→ **To do**
Reproduce only the lines below from the line containing "Triciclo Eléctrico ACB, Remolque" to the line containing "KAS Sparta Floral Area Rug", exactly as written, with both end lines kept. Omit the pictures.

→ **Records supplied**
★ ★ ★ ★ ★

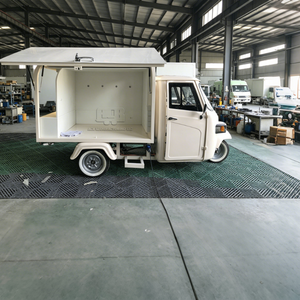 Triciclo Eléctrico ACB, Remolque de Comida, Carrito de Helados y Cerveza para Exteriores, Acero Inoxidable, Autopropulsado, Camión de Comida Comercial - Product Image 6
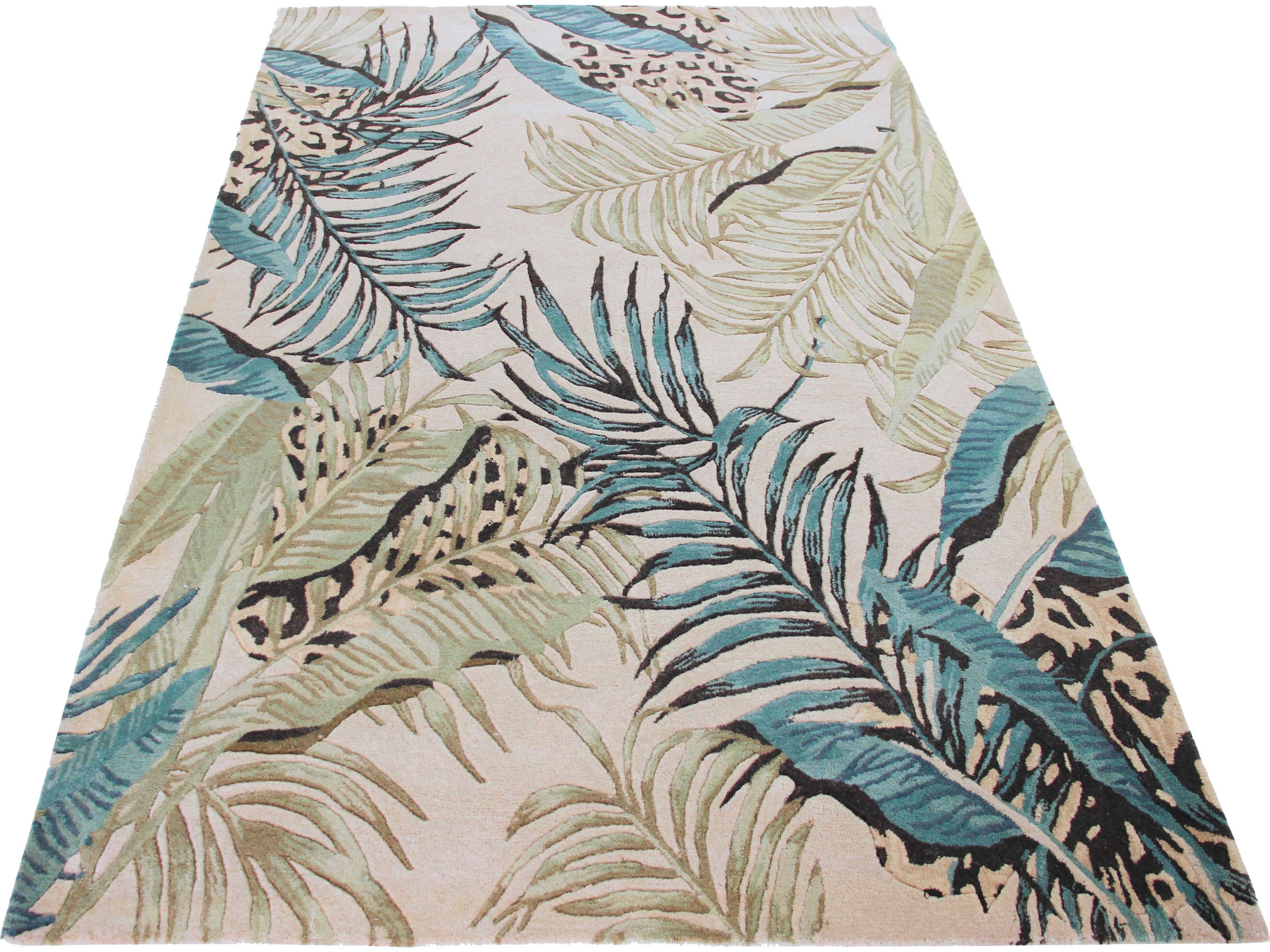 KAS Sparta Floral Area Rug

★ ★ ★ ★ ★

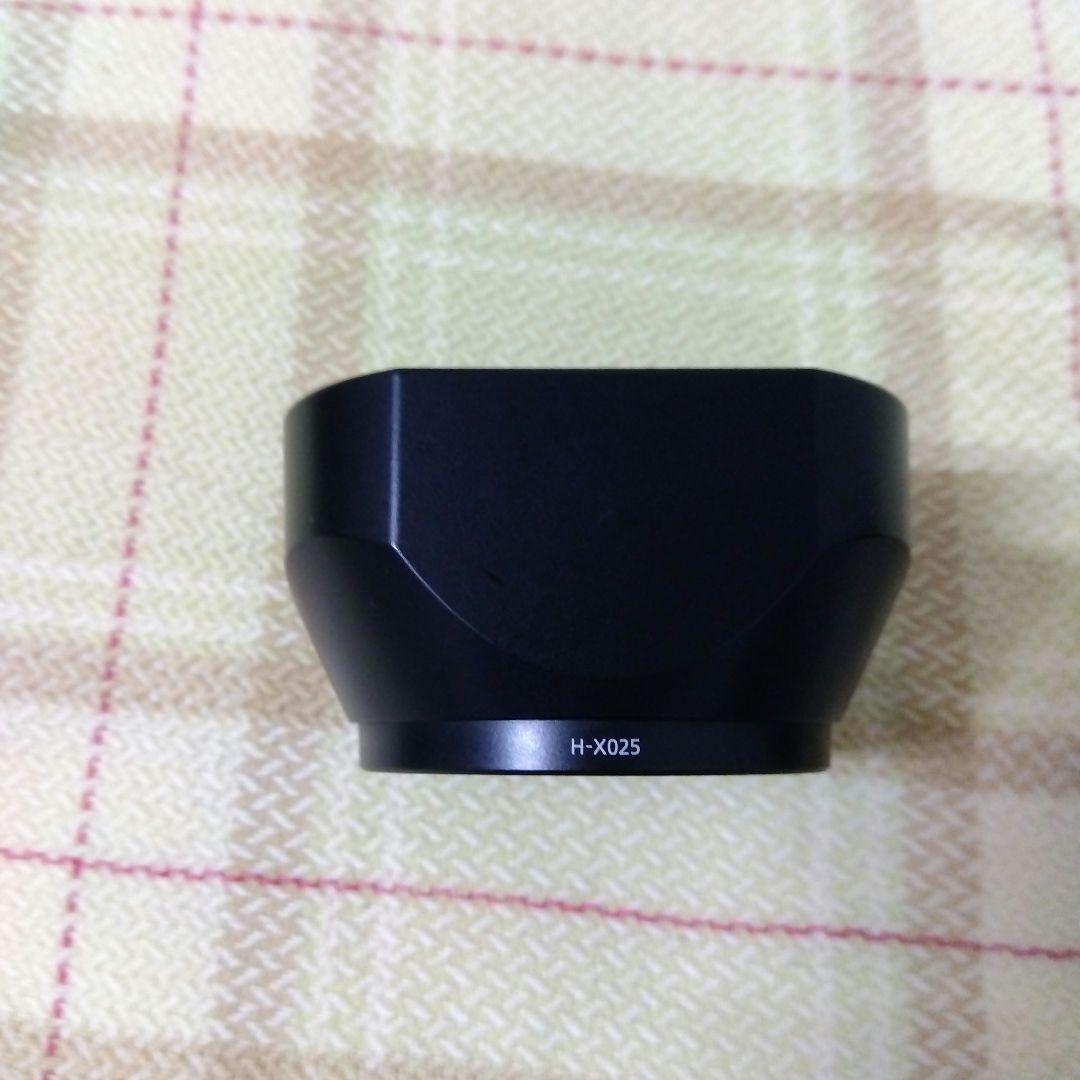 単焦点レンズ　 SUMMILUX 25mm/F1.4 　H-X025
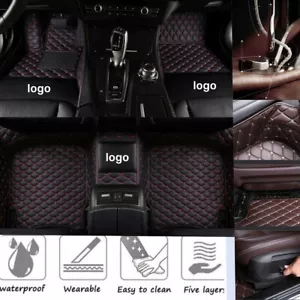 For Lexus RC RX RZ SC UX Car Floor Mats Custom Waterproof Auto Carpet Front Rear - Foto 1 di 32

★ ★ ★ ★ ★

→ **Output for this task**
 Triciclo Eléctrico ACB, Remolque de Comida, Carrito de Helados y Cerveza para Exteriores, Acero Inoxidable, Autopropulsado, Camión de Comida Comercial - Product Image 6
 KAS Sparta Floral Area Rug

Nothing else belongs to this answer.